Both PR and marketing firms have sold to every exec at some point in their career, but what’s the difference — and do they have to be separated into different disciplines? Furthermore, if they can be combined, does PR now have a permanent place at the marketing and communications table?
Is PR different from marketing?
Historically, public relations and marketing have always been housed in separate camps. Whether internal departments or unaffiliated external agencies, it’s a separation that reflects a widely held industry viewpoint: that the two disciplines are exclusive and, therefore, incompatible. Yet as many trends now suggest, modern marketing and PR differences aren’t quite so set in stone. Not anymore, at least.
A core offering from any well-respected communications firm is quality content. Content that’s easily relatable to the public, relevant to the target audience, and published to influence a reader’s opinion or product consumption trajectory.
The same can be said of the core components in PR. The same quality content is at the center of every pre-planned PR campaign. A story with a strong hook, written in a style that a journalist can quickly adapt and publish for a relevant target audience. Something that will ultimately influence a reader’s opinion and future actions.
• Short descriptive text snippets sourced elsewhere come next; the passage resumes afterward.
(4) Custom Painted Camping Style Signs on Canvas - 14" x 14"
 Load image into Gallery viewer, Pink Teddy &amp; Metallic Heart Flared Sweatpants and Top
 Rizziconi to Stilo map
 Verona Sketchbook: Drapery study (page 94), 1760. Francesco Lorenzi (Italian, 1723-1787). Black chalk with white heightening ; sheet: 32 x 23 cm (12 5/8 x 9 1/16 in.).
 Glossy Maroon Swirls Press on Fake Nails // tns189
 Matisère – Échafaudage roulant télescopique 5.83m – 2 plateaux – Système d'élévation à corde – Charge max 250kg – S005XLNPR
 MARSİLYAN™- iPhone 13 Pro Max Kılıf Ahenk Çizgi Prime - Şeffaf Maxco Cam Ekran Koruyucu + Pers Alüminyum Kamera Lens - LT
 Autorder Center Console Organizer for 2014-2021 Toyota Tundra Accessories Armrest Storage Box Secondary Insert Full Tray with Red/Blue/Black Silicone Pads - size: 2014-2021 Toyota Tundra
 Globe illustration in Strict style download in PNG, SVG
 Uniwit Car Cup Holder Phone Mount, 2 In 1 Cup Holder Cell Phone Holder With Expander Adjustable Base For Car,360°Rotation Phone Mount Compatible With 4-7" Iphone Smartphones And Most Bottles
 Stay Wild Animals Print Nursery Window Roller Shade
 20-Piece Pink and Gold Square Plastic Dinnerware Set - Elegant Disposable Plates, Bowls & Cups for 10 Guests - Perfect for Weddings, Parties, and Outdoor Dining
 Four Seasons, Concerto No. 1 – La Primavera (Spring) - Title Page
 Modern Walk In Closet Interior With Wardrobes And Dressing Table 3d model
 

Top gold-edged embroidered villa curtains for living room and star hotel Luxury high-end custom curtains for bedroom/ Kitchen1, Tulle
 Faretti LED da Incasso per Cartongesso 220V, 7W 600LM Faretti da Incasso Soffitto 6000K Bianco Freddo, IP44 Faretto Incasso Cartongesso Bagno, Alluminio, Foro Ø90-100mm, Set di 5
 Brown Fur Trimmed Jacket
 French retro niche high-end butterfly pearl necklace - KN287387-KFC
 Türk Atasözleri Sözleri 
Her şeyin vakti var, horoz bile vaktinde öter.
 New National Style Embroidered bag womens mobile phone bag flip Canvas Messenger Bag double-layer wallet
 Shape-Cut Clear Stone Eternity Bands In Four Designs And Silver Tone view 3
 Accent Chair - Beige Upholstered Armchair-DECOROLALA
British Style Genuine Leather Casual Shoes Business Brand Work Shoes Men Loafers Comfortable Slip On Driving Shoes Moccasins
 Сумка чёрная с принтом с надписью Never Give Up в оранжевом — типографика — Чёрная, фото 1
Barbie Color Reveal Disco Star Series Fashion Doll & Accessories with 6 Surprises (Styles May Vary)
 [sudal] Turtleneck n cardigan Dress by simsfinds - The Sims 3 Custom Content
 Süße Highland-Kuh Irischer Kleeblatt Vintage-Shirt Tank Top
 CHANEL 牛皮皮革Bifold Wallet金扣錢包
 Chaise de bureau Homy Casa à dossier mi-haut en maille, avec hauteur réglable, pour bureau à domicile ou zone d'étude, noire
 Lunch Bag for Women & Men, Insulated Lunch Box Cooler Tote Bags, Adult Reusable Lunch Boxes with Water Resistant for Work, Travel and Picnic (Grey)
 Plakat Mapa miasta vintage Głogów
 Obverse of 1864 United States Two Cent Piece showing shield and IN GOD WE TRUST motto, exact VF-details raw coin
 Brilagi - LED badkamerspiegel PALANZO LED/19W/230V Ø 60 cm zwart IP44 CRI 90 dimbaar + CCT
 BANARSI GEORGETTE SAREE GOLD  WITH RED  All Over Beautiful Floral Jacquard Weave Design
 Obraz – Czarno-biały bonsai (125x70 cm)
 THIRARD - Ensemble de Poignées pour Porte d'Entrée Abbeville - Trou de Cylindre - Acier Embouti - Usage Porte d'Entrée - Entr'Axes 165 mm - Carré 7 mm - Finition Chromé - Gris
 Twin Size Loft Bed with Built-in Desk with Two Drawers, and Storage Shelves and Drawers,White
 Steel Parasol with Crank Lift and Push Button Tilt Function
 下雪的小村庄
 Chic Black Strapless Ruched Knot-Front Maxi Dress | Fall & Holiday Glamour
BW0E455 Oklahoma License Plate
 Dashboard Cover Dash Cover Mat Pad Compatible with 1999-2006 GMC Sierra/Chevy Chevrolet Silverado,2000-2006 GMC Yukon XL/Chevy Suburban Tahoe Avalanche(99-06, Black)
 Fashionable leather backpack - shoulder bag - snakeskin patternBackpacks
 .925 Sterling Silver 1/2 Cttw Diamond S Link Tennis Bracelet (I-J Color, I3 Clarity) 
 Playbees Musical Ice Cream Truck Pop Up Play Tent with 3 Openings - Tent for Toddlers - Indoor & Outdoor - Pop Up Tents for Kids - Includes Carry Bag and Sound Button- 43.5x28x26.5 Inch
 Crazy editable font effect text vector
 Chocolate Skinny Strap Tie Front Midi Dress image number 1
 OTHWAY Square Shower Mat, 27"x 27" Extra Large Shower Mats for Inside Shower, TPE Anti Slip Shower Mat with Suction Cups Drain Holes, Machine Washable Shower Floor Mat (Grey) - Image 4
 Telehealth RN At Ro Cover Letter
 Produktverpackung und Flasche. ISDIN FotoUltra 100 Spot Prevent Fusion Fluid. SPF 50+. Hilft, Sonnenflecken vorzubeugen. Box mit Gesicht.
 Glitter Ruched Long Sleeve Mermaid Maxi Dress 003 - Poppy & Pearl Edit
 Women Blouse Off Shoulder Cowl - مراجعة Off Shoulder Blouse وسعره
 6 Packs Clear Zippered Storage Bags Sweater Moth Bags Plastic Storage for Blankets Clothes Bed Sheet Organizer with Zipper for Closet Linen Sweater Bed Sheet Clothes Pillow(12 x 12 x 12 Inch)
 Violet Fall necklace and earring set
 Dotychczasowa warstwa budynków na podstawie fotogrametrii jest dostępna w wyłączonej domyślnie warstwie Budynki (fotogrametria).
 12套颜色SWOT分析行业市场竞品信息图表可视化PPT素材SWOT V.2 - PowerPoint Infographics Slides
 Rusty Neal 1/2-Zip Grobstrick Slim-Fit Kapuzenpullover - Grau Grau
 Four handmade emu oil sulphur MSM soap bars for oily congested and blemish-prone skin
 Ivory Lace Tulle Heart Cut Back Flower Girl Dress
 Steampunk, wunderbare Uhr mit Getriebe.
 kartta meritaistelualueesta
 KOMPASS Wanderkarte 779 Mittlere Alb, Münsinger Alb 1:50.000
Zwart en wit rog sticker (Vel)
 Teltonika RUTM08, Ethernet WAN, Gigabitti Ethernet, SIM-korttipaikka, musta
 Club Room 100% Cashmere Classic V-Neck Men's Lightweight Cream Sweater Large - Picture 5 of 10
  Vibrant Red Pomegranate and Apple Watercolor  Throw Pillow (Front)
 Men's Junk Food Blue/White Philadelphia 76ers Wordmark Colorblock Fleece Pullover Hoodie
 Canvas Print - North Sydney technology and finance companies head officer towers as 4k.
The communications strategy behind content marketing helps sell a product. PR content syndication helps sell a product, a person’s opinions, a platform, or a brand. So if the differences between PR and marketing aren’t so clear cut anymore, how can you tell where content marketing begins, and public relations end?
PR vs. Marketing
Despite having similar campaign outcomes, there is still a multitude of differences between PR and Marketing. Ultimately PR is a different animal because it entails a larger proportion of real-time reactivity vs. carefully pre-planned and long-term communication strategies.
PR is crisis management when a corporation destroys an ecosystem with an oil spill. It’s reputation management — and, if necessary — social rehabilitation when a public figure becomes too familiar with an intern. It’s thick-skinned interaction with bulldog journalists hungry for a quotable slip-up. This reactive component of public relations will always exist in a separate sphere from marketing.
However, the proactive elements of public relations blur into what modern marketing and communication have become. PR teams spend weeks, if not months, carefully plotting a campaign to garner quality content coverage. Their client then appears online, on television, on the radio, and in newspapers, in line with that plan.
Marketing and communications agencies spend the same time strategizing campaigns with paid ad placements across those mediums. However, when they then combine this with quality organic content that garners unpaid exposure, their efforts begin to morph into PR.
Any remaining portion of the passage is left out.